Verwaltungsräte haben Pflichten

Bei dem Schlamassel rund um das GZO kann man sich fragen: Wie steht es eigentlich um die Rechte und Pflichten von Verwaltungsräten? Antworten dazu findet man auf der Homepage der Schweizerischen Eidgenossenschaft.

Die Aufgaben eines Verwaltungsrats sind im Obligationenrecht festgeschrieben. Da ist unter anderem zu lesen: «Der Verwaltungsrat ist für die Aufsicht über das Unternehmen zuständig... Der Verwaltungsrat ist oberstes Aufsichts- und Gestaltungsorgan der Aktiengesellschaft».

Nach Gesetz bzw. nach Art. 716 OR hat der Verwaltungsrat «unübertragbare und unentziehbare» Aufgaben. Dazu gehört unter anderem die Verantwortung für die Ausgestaltung des Rechnungswesens, der Finanzkontrolle und der Finanzplanung.

Auch der Artikel 754 spricht eine deutliche Sprache: Laut diesem muss der Verwaltungsrat einstehen für verschuldete Pflichtwidrigkeiten, die zu einer Schädigung von Gesellschaft, Aktionären oder Gläubigern geführt haben. Und weiter: Die Verwaltungsräte haften solidarisch, jedes Mitglied kann für den vollen Schaden belangt werden.

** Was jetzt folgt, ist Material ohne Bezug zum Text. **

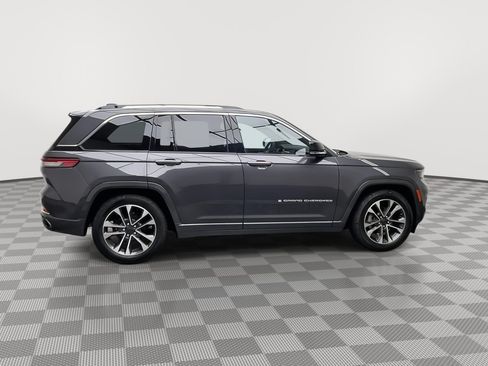 Used 2023 Jeep Grand Cherokee Overland AWD/4WD image 42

Wo kein Kläger, da kein Richter?

Ob der ehemalige GZO-Verwaltungsrat seine Pflichten verletzt hat und zur Rechenschaft gezogen werden soll, müssen andere klären, zum Beispiel die Aktionärsgemeinden.

Als einfacher Bürger reibt man sich nur verwundert die Augen, dass offenbar ohne Konsequenzen zur Tagesordnung übergegangen wird.

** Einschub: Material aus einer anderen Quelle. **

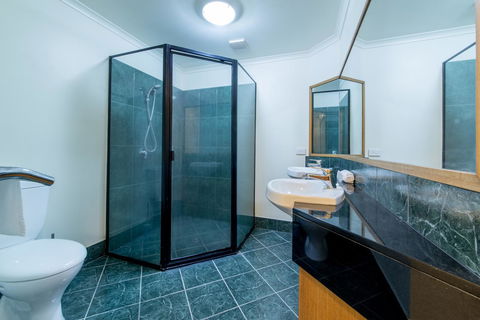 Paradise Penthouse At Waves - Airlie Beach - Travel Search 20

Auch an die Gemeinderäte in den Aktionärsgemeinden könnte man ein paar kritische Fragen stellen: Haben sie nicht genau genug hingeschaut? Haben sie dem Verwaltungsrat zu blind vertraut? Oder wurden die Aktionäre und Gläubiger vom Verwaltungsrat hinters Licht geführt und gar das Handeln nach Treu und Glauben verletzt? Und wie sieht es mit dem aktuellen GZO-Verwaltungsrat aus: Was haben die Aktionärsgemeinden und Gläubiger aus der Sache gelernt? Wurden die Kontrollmechanismen verbessert und wenn ja, wie?

Währenddessen fürchten 900 Mitarbeitende um ihren Job. Die Bevölkerung wird – sollte der Kapitalerhöhung in den Aktionärsgemeinden zugestimmt werden – massiv bluten. Und die Handwerker wissen nicht, ob sie das Geld für ihre harte Arbeit am Bau je zu Gesicht bekommen werden.

Erneute Kandidatur, Herr Kündig?

Im März 2026 stehen Erneuerungswahlen an. Ist es so still um den ehemaligen VR-Präsidenten Jörg Kündig geworden, weil er sich bereits auf die Neuwahlen vorbereitet? Oder wird der Mann im Pensionsalter die Gelegenheit nutzen, so still und leise von der Polit-Bühne abzutreten, wie er aus dem GZO-Verwaltungsrat verschwunden ist? In ein paar Wochen, wenn die Kandidaturen bekanntgegeben werden, wird man es wissen. Und zumindest die Bevölkerung von Gossau ZH kann sich dann Gedanken darüber machen, ob sie einem Mann ihre Stimme geben will, der wohl massgeblich an der GZO-Tragödie beteiligt war.